THE national board of the National Youth Service Corps (NYSC) has ruled out a one- year military training for corps members, as being canvassed by some interest groups.
Board Chairman Alhaji Tijani Adekanbi spoke yesterday in Minna, the Niger State capital, when he visited Acting Governor Ahmed Musa Ibeto at the Government House.
He said the board’s decision was taken after wide consultations.
Adekanbi said the scheme could not give military training to corps members because there would be nowhere in the Armed Forces to post the corps members to after the training.
He said: “If we give them one year military training, we have to absorb them into any of the services.
“If they are allowed to be on their own after the training, it will be dangerous for the country.”
The board chairman also said the NYSC would fine-tune the Community Development (CD) service to ensure that “overambitious projects with huge financial demands are not embarked upon by corps members”.
Adekanbi admitted that CD projects had assisted in the development of communities.
He said such finetuning would require that projects were scrutinised by the NYSC secretariat before supporting them.
The board chairman advised employers of labour to be more vigilant and assist the scheme to check the activities of operators of fake NYSC camps and fake NYSC certificates.
According to him, the scheme would ensure that its discharged certificates were not forged.
Adekanbi urged employers to always crosscheck the validity of the NYSC certificates tendered by the workers before employing them.

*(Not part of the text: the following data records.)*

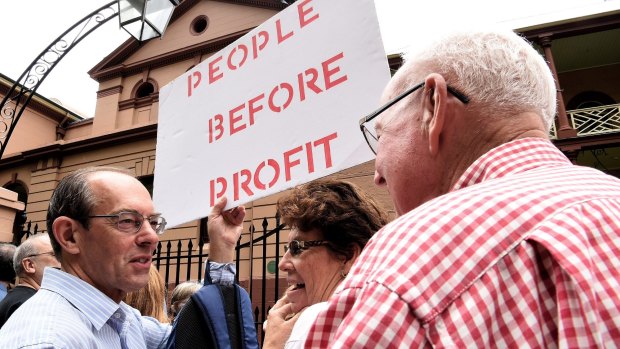 Protesters in front of NSW Parliament House demonstrating against the NSW government's privatisation of the Land Titles Registry.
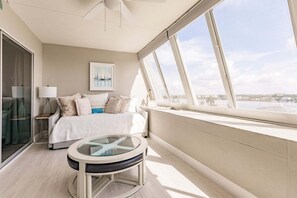 A bedroom with a bed, a glass table, a window with a view, and a ceiling fan. - 1200-602 - Premium Plus -Enjoy Relaxing Bayfront Bliss (St. Petersburg)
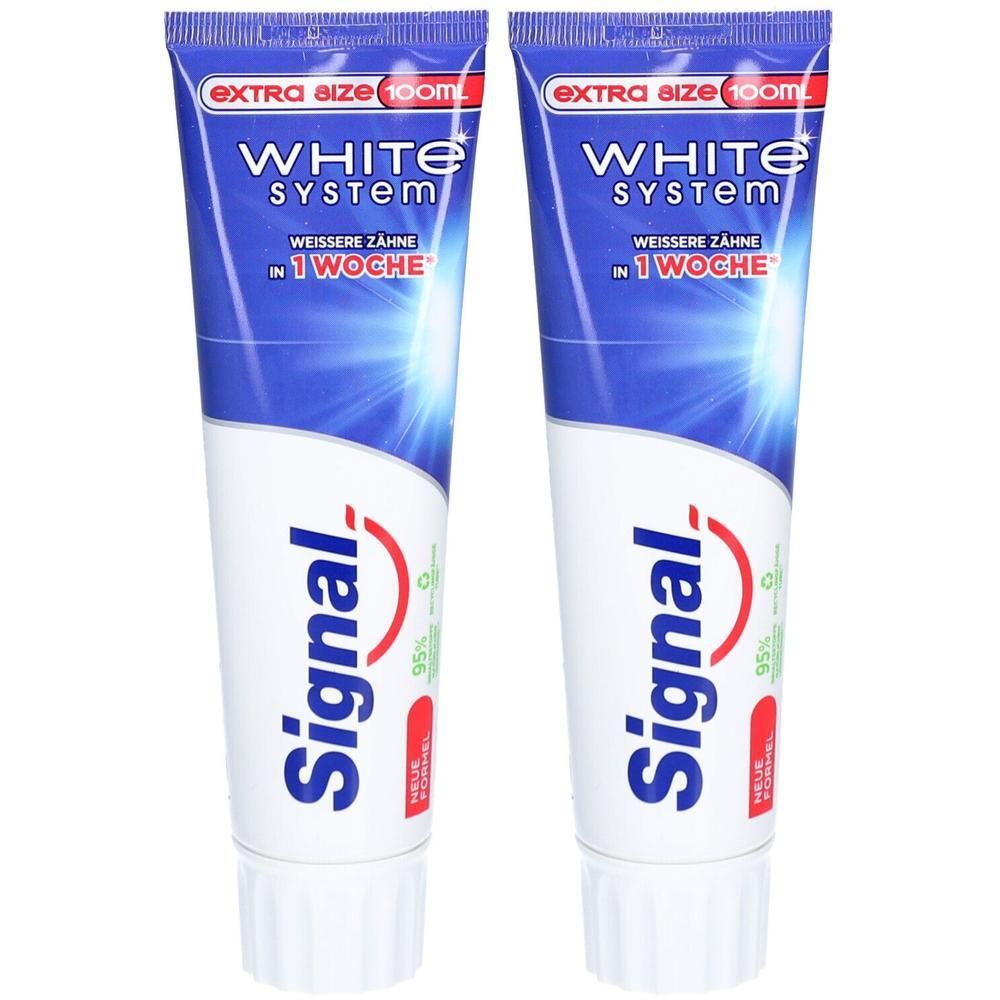 Deux tubes de dentifrice Signal White System. Emballage bleu et blanc avec logo rouge. Inscription : Extra Size 100ml.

He also maintained that influential Nigerians, who tried to make their children evade the mandatory one-year service, were subjecting them to risk in the future because such children would not be eligible for employment or to contest election without the discharge certificate.
Ibeto said the NYSC scheme had assisted the state in the implementation of its education and health programmes through the provision of qualified manpower.
He also said the scheme had made Nigerians to know every part of the country. The acting governor added that the scheme had made youths to know the true situation on the ground in the states.